**What is expected**
Return the listing verbatim, images left out.

**Information supplied**
+++++

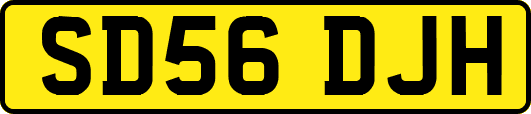 SD56DJH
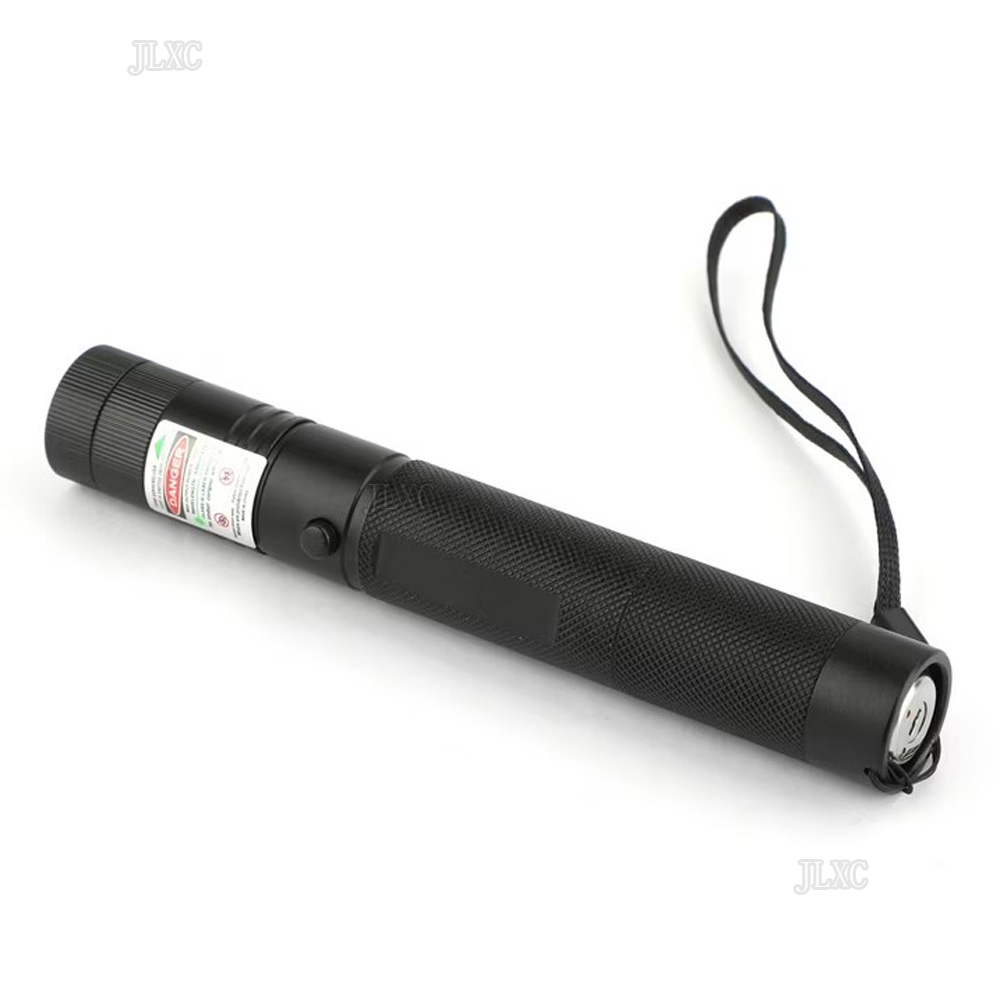 電池は付属しません）グリーンレーザーポインター 教材用 ペッ - Laser Pointer Presenter のレビューと価格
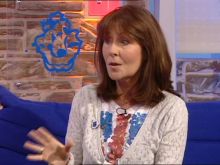 Elisabeth Sladen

+++++

**Answer below**
 SD56DJH
 電池は付属しません）グリーンレーザーポインター 教材用 ペッ - Laser Pointer Presenter のレビューと価格
 Elisabeth Sladen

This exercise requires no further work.